What needs to be done: Your output should be exactly the lines from the one containing "黒白ハチワレの獅子丸くん（画" through the final line of the records, both included, with every picture left out.

Short text fragments from websites
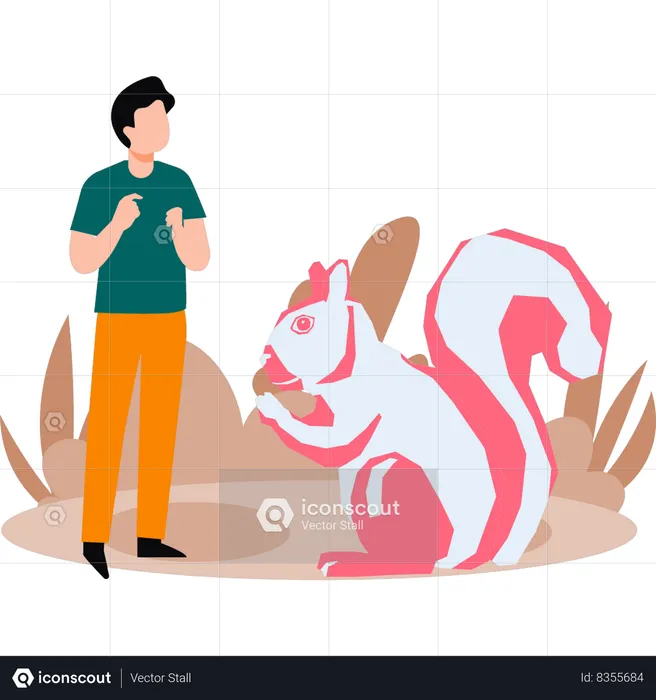 Boy is watching squirrel in forest  Illustration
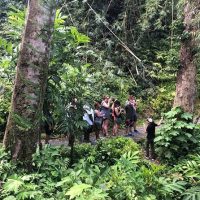 Tours & Sightseeing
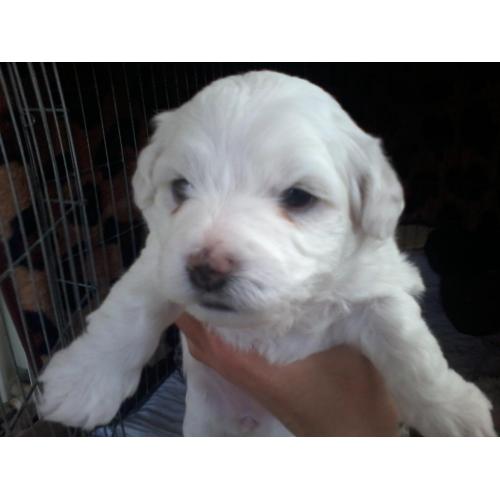 bichon maltese puppy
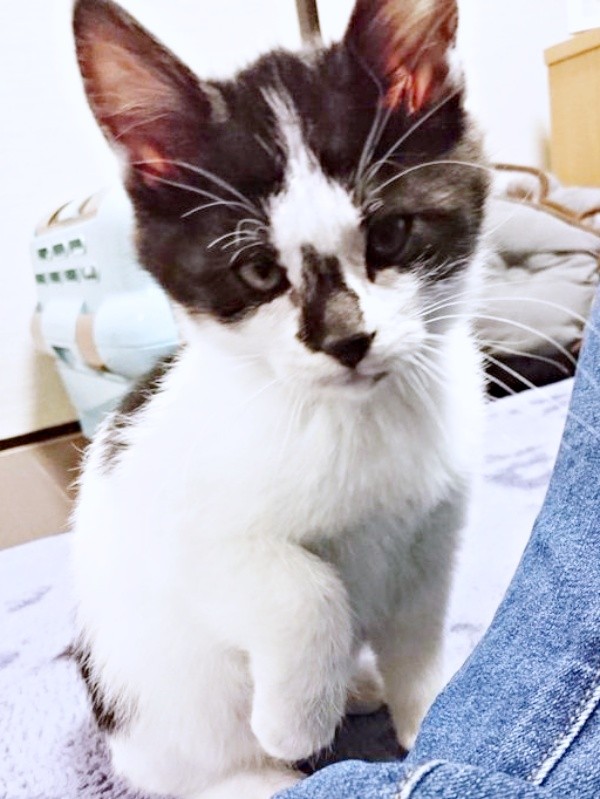 黒白ハチワレの獅子丸くん（画像提供：奥多摩ラフティング・カヌー・カヤック・SUP／コンセプトさん）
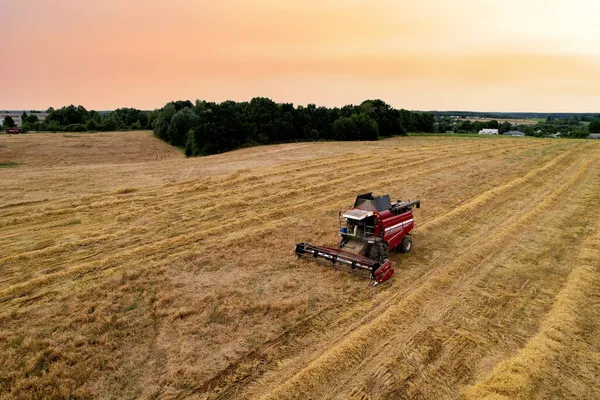 Combine harvester in wheat field on sunset. Agricultural machine during cutting crop. Combines during grain harvesting. Flour and bread production. Silage and hay harvesting in farmers country.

Written solution:
 黒白ハチワレの獅子丸くん（画像提供：奥多摩ラフティング・カヌー・カヤック・SUP／コンセプトさん）
 Combine harvester in wheat field on sunset. Agricultural machine during cutting crop. Combines during grain harvesting. Flour and bread production. Silage and hay harvesting in farmers country.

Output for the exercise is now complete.